I thought these were beer bottles but some quick research indicates sodas?  Same lot as the others I picked up, could use a cleaning though.


----------



## Canadacan (Sep 28, 2019)

Those are nice!.. yes definitely soda. You can try using denture tabs to clean, surprisingly they can clean quite a bit. If still hazed after that they would probably require professional tumble polishing.


----------



## CanadianBottles (Sep 28, 2019)

Nice finds!  Great embossing on both.  I've never heard of the denture tab trick, I'll have to try that on some of the stained bottles I have.


----------



## Canadacan (Sep 28, 2019)

CanadianBottles said:


> Nice finds!  Great embossing on both.  I've never heard of the denture tab trick, I'll have to try that on some of the stained bottles I have.

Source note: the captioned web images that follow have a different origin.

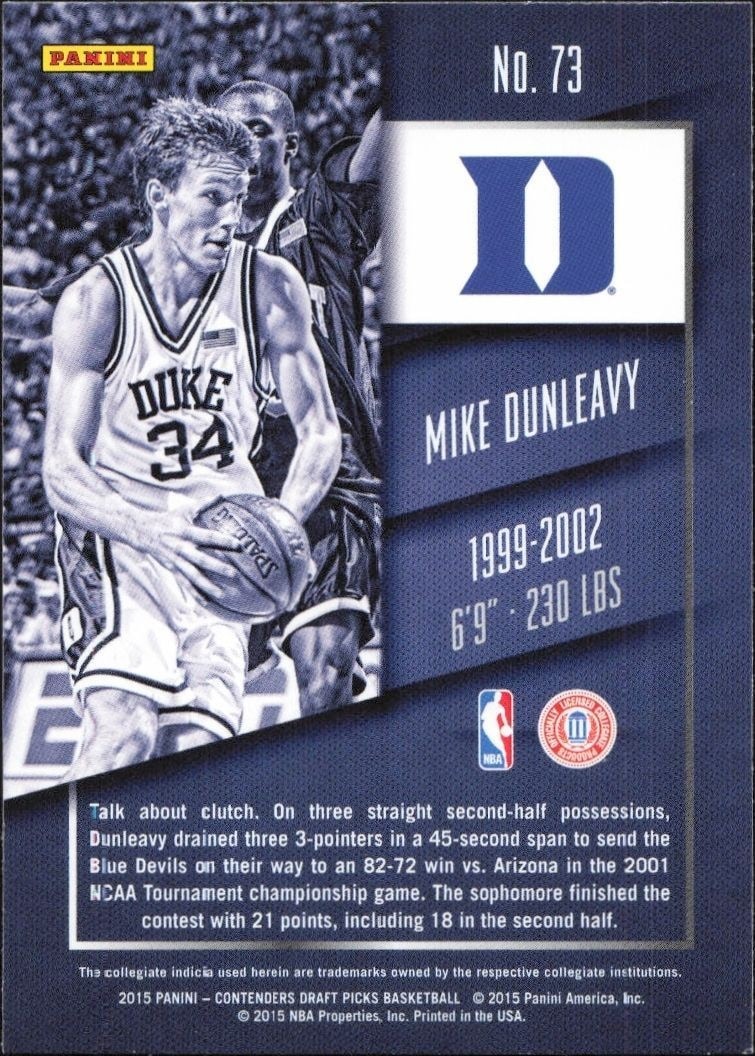 2015-16 Panini Contenders Draft Picks Mike Dunleavy #73 basketball trading card back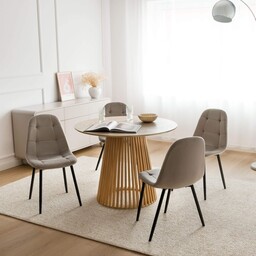 Stół Okrągły 120CM naturalny dąb YY5940 + 4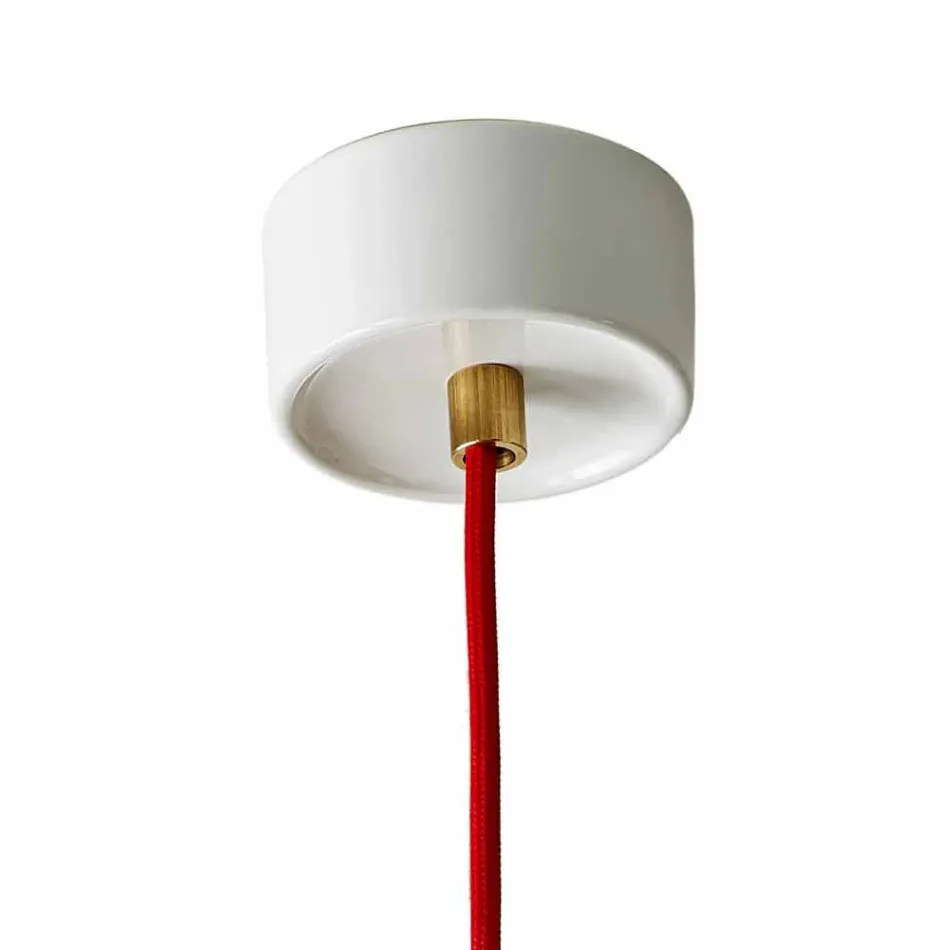 Lampe aus Buchenholz und Hängeleuchte aus Keramik, hergestellt in Italien, Asien Viadurini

Honestly I doubt it'll work on these old dug bottles, it's probably etched right in like my examples, but the tabs are cheap and even if it improves 20%.


----------



## iggyworf (Sep 29, 2019)

Yeah! Those are nice!


----------



## RCO (Sep 30, 2019)

CH Tune was definitely a soda bottler from London Ontario , its listed in my book as operating from 1911-1919 

but true that some of the old beer and pop bottles look similar in size and appearance


----------



## Arob (Oct 2, 2019)

Devitrification - _ whereby the surface of the glass develops a whitish scum, crazing, or wrinkles instead of a smooth glossy shine, as the molecules in the glass change their structure into that of crystalline solids. While this condition is normally undesired, in glass art it is possible to use devitrification as a deliberate artistic technique.
_I believe it's because the heat and pressure of the earth causes the manganese (the vitrifier) to become free of the soda / silicate etc glass composition. The good news is that its only on the surface 0.01 mm and easily tumbled away.


----------



## DeepSeaDan (Mar 14, 2020)

They be soda bottles alright! Love the buck on the London soda; have me a number of crown-top & blob-top sodas, and always hunting for more! Here's some of them and some others captured in early morning light:


----------



## embe (Mar 15, 2020)

That morning light really makes the picture "pop"   Is that a Cummer & Sons in the back row?  Still on my list to try out the denture tabs for cleaning


----------



## Ann M. (Mar 16, 2020)

DeepSeaDan said:


> They be soda bottles alright! Love the buck on the London soda; have me a number of crown-top & blob-top sodas, and always hunting for more! Here's some of them and some others captured in early morning light:
> 
> View attachment 203928


Those are beautiful. I have several that are aqua and I believe crown top? Let me know if you'd like to see pictures.


----------



## DeepSeaDan (Mar 17, 2020)

embe said:


> That morning light really makes the picture "pop"   Is that a Cummer & Sons in the back row?  Still on my list to try out the denture tabs for cleaning



Yes it is. Along with a JD Brown / Gravenhurst, Taylor & Pringle / Owen Sound, HW Purcel / Simcoe, HL Laughington / Parry Sound, FP Hinds & Son / Orillia & a JJ McLaughlin / Toronto.

Can't wait for Spring!

DSD


----------



## DeepSeaDan (Mar 17, 2020)

Ann M. said:


> Those are beautiful. I have several that are aqua and I believe crown top? Let me know if you'd like to see pictures.



Ann M,

 I would love to see the pictures!

DSD


----------



## Ann M. (Mar 19, 2020)

DeepSeaDan said:


> Ann M,
> 
> I would love to see the pictures!
> 
> DSD


Will get them unpacked from Sunday's bottle show and now have advice (from grandson, of course!) on taking better photographs.


----------